未知の領域での意思決定、自身の尺度を持ち損得判断を
企業の中で地位が上がるほど、難しい判断を求められる場面も増えてゆく。自社製品についての判断ならば自信を持って行うことができても、社内情報システムの導入など専門外の判断を求められ、悩んだ経験を持つ人は多いだろう。下から上がってきた稟議書を見て、その内容に詳しい人物の印があるのを見て、とりあえず承認してはいないだろうか。
知らない分野において、意思決定をするための技術体系が存在する。経営学のうち経済性工学と呼ばれる分野である。もともと、損得の判断が下手な技術者でも、最低限の損得判断をするための枠組みとして広まった理論と技術なのだ。経営について不得手な人でも、判断の根拠を数字に落とし込み、共有することができるのがその特徴である。一例として、新規の機械を購入すべきか否かを、経済性工学の理論にあてはめて判断してみたい。
製麺機を買ったラーメン店は、投下資金を何日で回収できるか?
新規の機械を購入した場合、どの程度の期間で回収できるかは重要な指標となる。その一方で、計算間違いを犯しやすい数値でもある。
問題をシンプルにするために、誰もが知っているラーメン店をモデルにしよう。取り立てて特徴はないが、駅前の立地に支えられている個人商店を考えてほしい。1杯500円、1日200杯。1日10万円の売り上げを見込むラーメン店である。ラーメンのスープは業務用を使用しており非常に安価で、原料コストの高い麺は製麺所から一玉50円で仕入れている。

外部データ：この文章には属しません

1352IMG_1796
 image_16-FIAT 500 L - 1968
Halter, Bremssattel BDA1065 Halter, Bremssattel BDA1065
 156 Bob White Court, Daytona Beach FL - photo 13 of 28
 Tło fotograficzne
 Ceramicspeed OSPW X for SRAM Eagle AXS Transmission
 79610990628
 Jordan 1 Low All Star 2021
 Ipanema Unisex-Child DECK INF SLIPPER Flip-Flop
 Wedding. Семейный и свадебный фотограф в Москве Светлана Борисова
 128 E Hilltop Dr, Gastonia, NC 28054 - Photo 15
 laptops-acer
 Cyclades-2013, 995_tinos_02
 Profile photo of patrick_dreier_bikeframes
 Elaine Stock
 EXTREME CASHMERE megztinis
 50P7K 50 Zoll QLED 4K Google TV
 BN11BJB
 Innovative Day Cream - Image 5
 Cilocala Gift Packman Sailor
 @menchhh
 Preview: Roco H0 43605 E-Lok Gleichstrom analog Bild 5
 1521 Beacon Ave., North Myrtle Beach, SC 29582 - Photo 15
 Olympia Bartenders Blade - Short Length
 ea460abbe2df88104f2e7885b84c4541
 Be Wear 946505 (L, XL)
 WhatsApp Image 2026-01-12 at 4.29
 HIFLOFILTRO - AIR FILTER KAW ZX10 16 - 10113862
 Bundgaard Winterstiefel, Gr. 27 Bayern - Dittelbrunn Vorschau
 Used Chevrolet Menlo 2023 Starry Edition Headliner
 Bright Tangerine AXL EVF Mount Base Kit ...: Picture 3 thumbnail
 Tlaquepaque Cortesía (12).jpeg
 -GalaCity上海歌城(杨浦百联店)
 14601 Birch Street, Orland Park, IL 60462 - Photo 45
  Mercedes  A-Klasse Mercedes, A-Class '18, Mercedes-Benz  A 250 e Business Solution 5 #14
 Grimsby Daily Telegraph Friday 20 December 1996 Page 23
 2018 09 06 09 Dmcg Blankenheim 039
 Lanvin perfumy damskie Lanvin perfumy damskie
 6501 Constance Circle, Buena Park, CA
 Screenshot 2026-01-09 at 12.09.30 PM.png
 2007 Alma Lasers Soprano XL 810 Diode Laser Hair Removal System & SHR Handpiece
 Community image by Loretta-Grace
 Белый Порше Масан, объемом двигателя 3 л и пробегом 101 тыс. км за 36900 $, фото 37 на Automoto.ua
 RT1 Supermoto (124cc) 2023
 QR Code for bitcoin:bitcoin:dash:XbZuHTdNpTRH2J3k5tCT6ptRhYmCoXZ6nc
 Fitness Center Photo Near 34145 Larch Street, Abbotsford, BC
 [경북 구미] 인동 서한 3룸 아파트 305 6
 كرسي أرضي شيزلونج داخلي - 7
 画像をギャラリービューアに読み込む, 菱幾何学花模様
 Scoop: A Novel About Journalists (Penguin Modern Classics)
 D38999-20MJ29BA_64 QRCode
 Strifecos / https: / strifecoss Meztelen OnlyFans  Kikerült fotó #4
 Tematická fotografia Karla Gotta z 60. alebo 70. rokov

ある日、この店の店主がメーカーから新しい製麺機の導入提案を受けた。600万円もする機械だが、今までと同品質の麺が、店内において完全自動で製麺できるそうだ。この機械を使えば麺のコストは1玉20円まで下がり、30円もコストを圧縮できる。一見、よさそうな提案だが、購入資金に余裕がある訳ではない。この機械を導入した場合は、一体どの程度の期間で回収でき、さらに得となるのだろうか。